Take
a cup of hot soup stock and add a teaspoon of flour to make a paste, blending
well until the flour is absorbed. Add
the paste back into the boiling soup while stirring constantly. Simmer for a while before adding other ingredients.
Joy
of Cooking
(1975, 168)
There is
a point in the design process when it is time to thicken it. Continuing the
cooking metaphor, if the stock represents the raw ideas of a schematic design from
which you want to extract and trap every vestige of flavor, than the thickening
agent can be thought of as whatever the productive imagination uses to advance and
develop the design. Schematic explorations need to be distilled, and doing so concentrates
and reinforces whatever is good and gets rid of what doesn’t work well.
There are
ways to do this. The strategic selection of building materials for a consistent
design vocabulary will unify the various elements. Selecting allows the
implications and scales of specific materials to inform design elements. Further, allowing
a sense of measure that all materials have means that vague suggestions of forms become precise
declarations where materials with exact characteristics fit together. It is time
to drop the guiding lines that establish programmatic alignments,
orientations and spatial relationships.
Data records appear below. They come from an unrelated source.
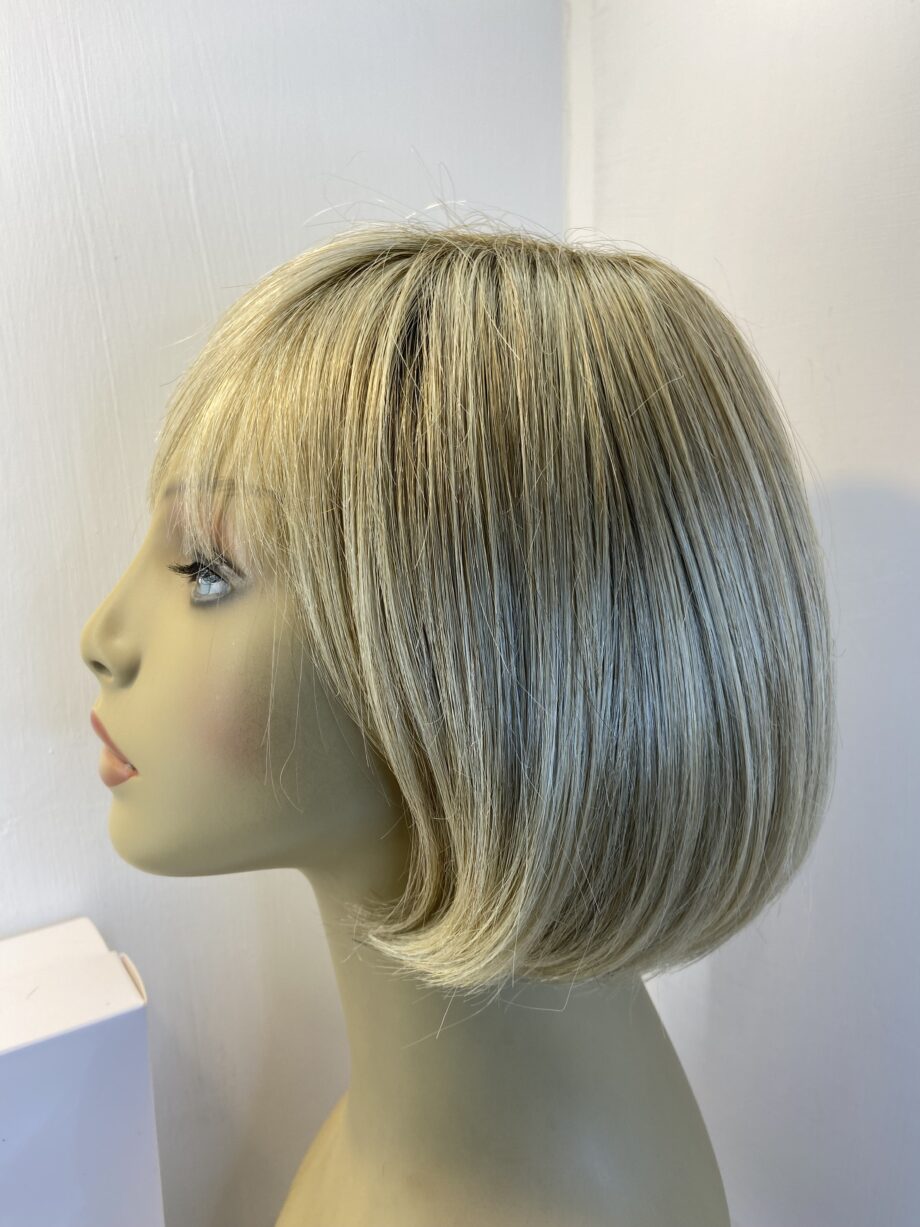 New Stunning blonde rooted wig. Bblms484
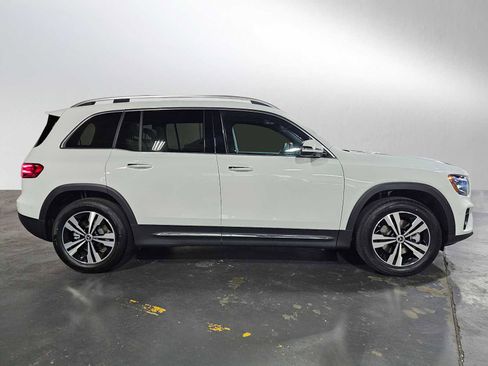 New 2026 Mercedes-Benz GLB 250 4MATIC image 2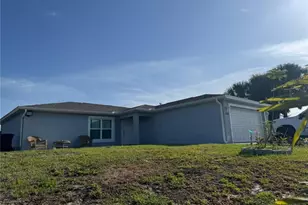 1046 Saturn Ct, Labelle, FL 33945 - Photo 6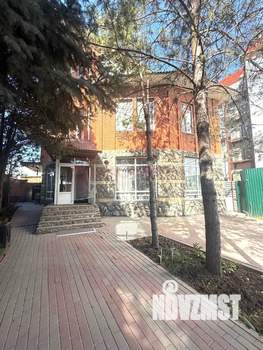 Дом 303м², 3-этажный, участок 508 сот.  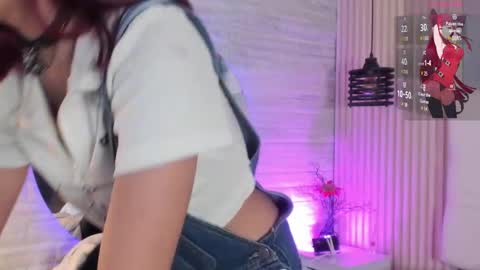 Snapshot of cloe__hills chatting on 9, 12, 2024 Cloe online show from 9, 12, 2024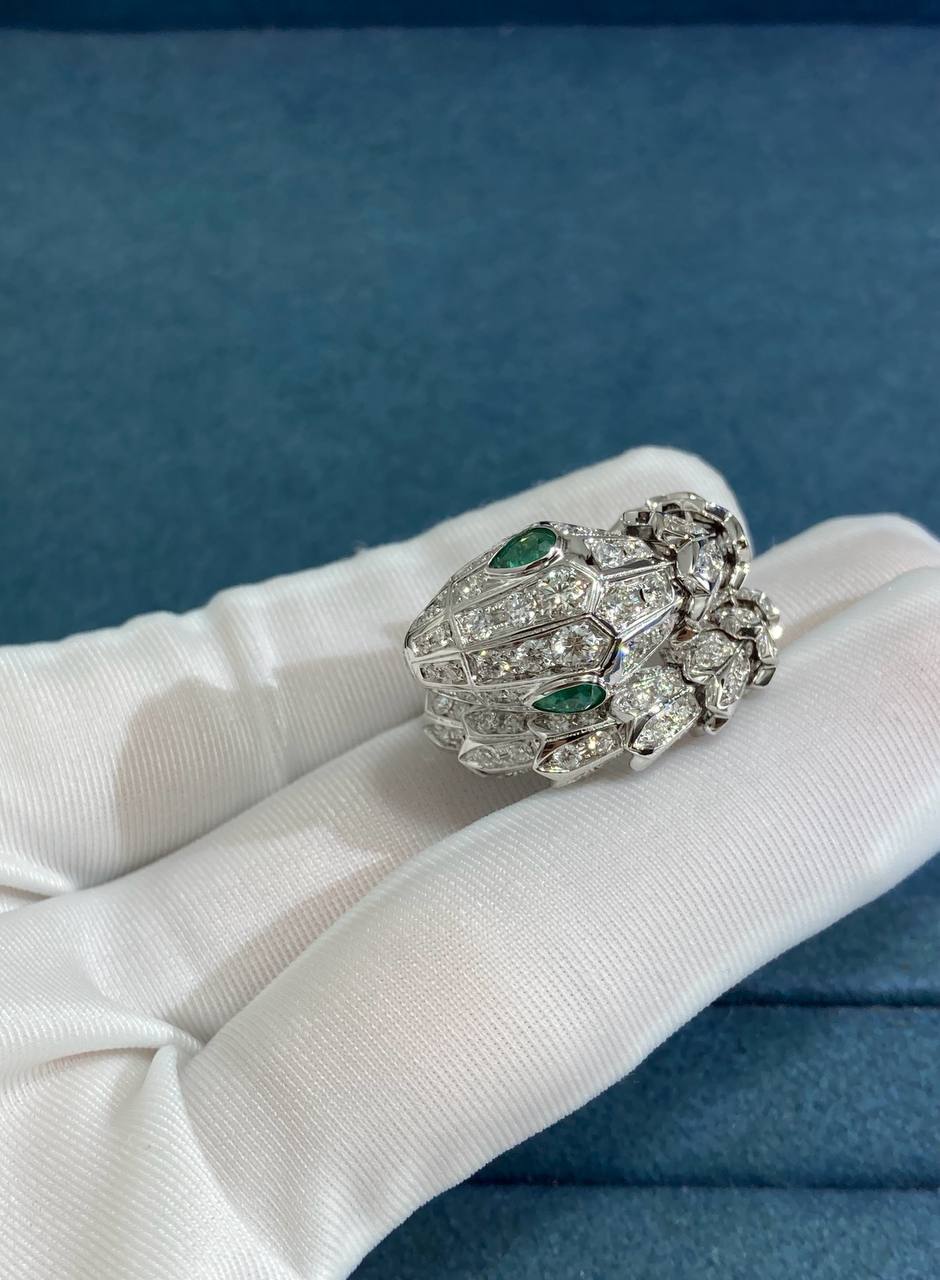 Serpenti full pave diamond ring with emeralds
While these lines show the “why” of
design decisions, they are distracting from final drawings meant for building
permit review, bidding and construction, in other words, design execution.
For
example, thinking through a material such as brick means that the hand-scaled
nature of that material implies ways to build with it. All designed objects
have planes, edges, corners and openings. Thinking through a particular material tells the designer in what way
those aspects of a design may be considered. Building materials have
such different characteristics that it is impossible to consider them
interchangeably. And their selection can contribute to the design intent
through association. Different impressions are perceived when seeing a brick house,
or one made of stone, wood or metal. Expressions of permanence or portability,
or of containment or release become clear more so than through decisions about size
or detailing although these, of course, eventually contribute.